• _Recorded data_:
• • • • • • •

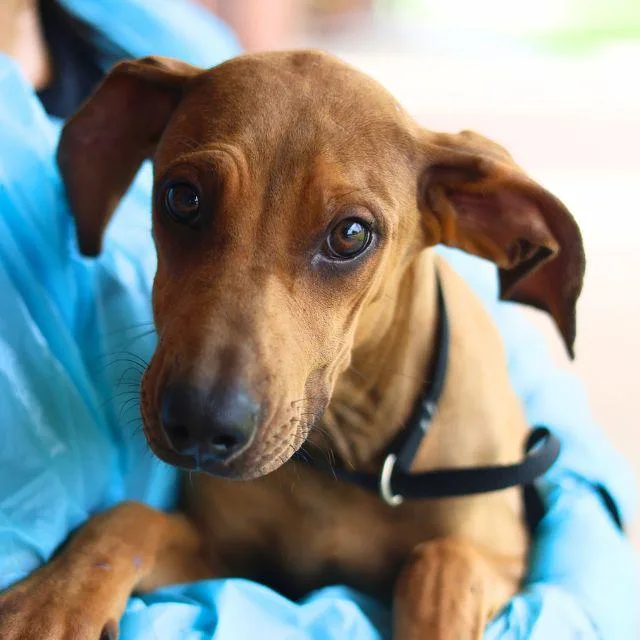 A baby medium-sized female Labrador Retriever dog named Ginny Pepsi for adoption in San Antonio, TX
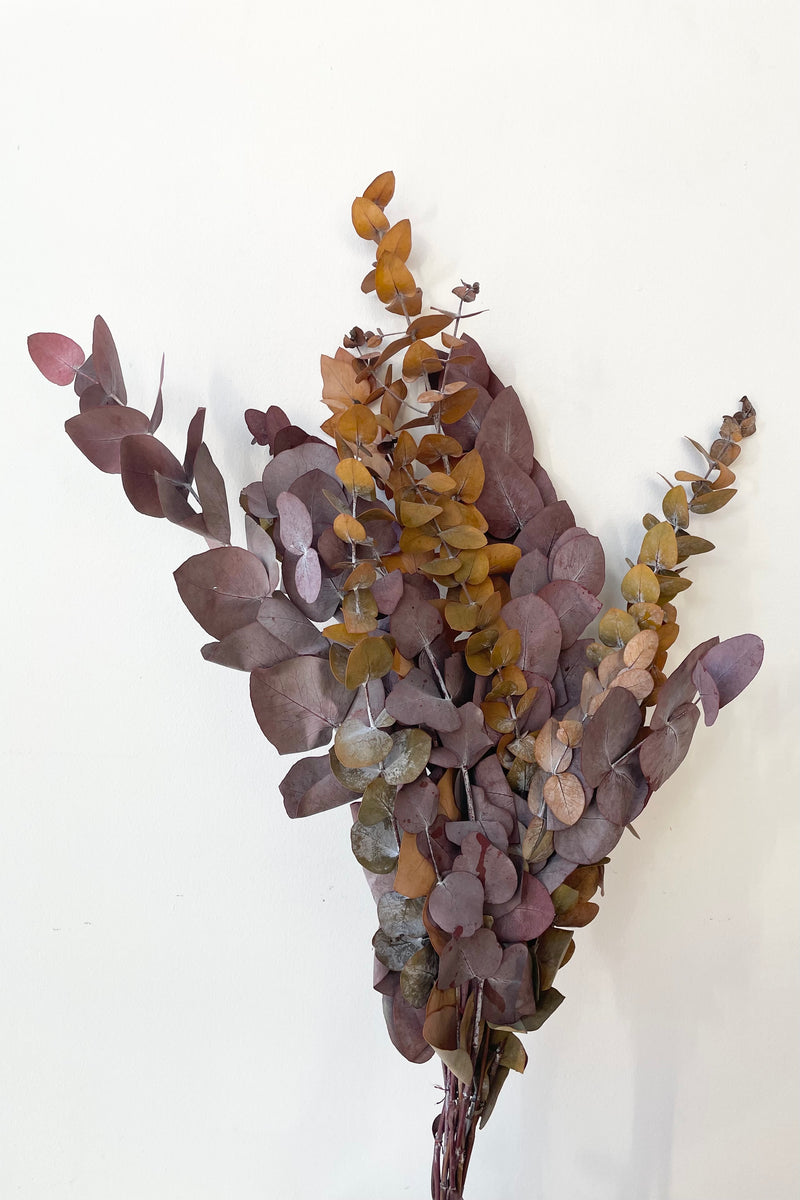 A bunch of serial eucalyptus that has been preserved and dyed a mocha color.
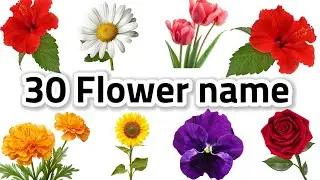 20 Flowers name in Hindi and English with pictures | Names of fruits | #flowers #flowernames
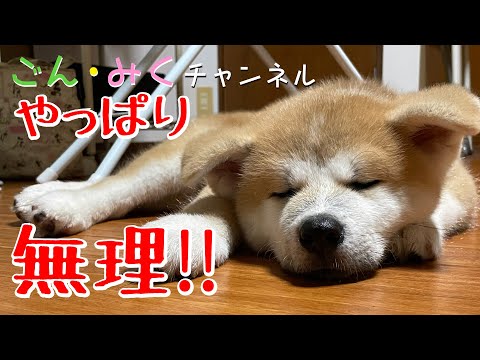 お母さんの独り言 【秋田犬の仔犬を迎えて】　秋田犬【ごん・みく チャンネル】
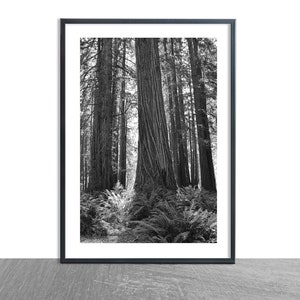 May include: Black and white photograph of a grove of tall redwood trees in a forest. The trees are tall and slender, with their trunks reaching up to the sky. The forest floor is covered in ferns and other vegetation.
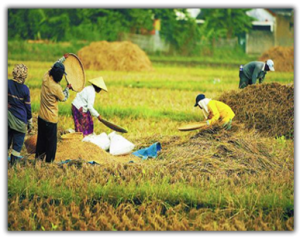 HPS ke-XXXV di Dumai, Berdayakan Petani Sebagai Penggerak Ekonomi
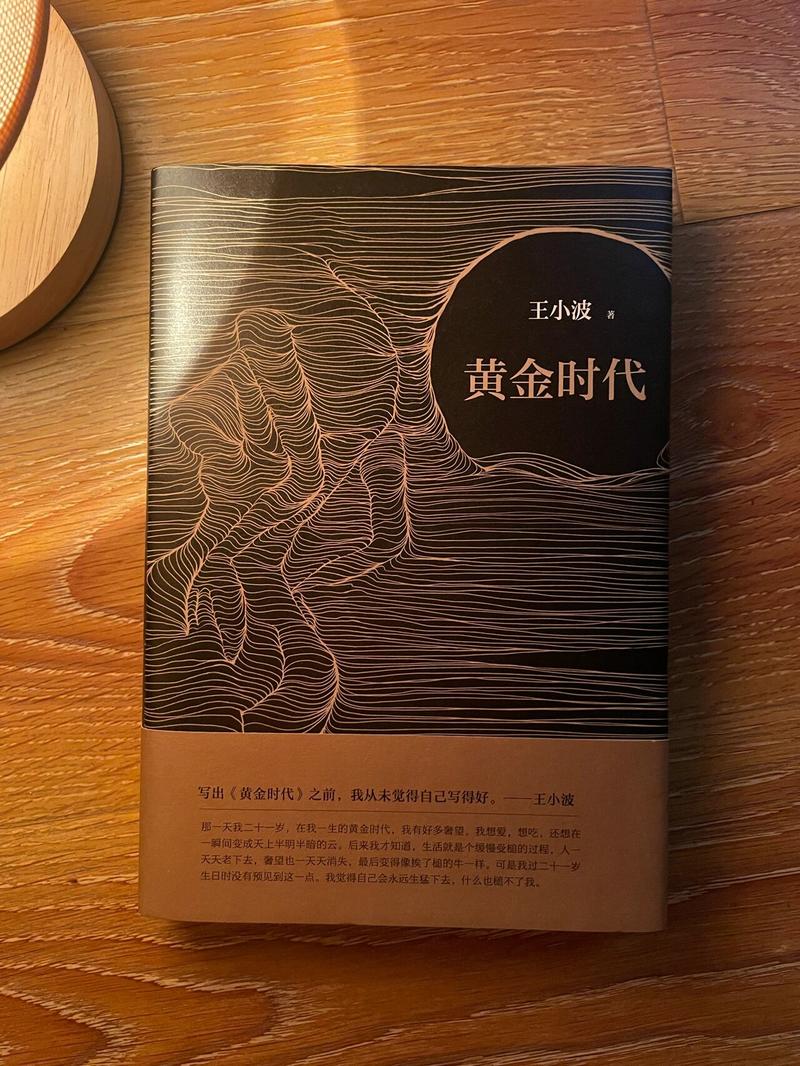 黄金时代在线阅读 - 王小波经典作品免费阅读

• • • • • • •

• _Problem description_: Starting at the line that contains "A bunch of serial", output every line through the end of the data, both ends included, and nothing else; pictures stay out.

• _Exercise solution_:
 A bunch of serial eucalyptus that has been preserved and dyed a mocha color.
 20 Flowers name in Hindi and English with pictures | Names of fruits | #flowers #flowernames
 お母さんの独り言 【秋田犬の仔犬を迎えて】　秋田犬【ごん・みく チャンネル】
 May include: Black and white photograph of a grove of tall redwood trees in a forest. The trees are tall and slender, with their trunks reaching up to the sky. The forest floor is covered in ferns and other vegetation.
 HPS ke-XXXV di Dumai, Berdayakan Petani Sebagai Penggerak Ekonomi
 黄金时代在线阅读 - 王小波经典作品免费阅读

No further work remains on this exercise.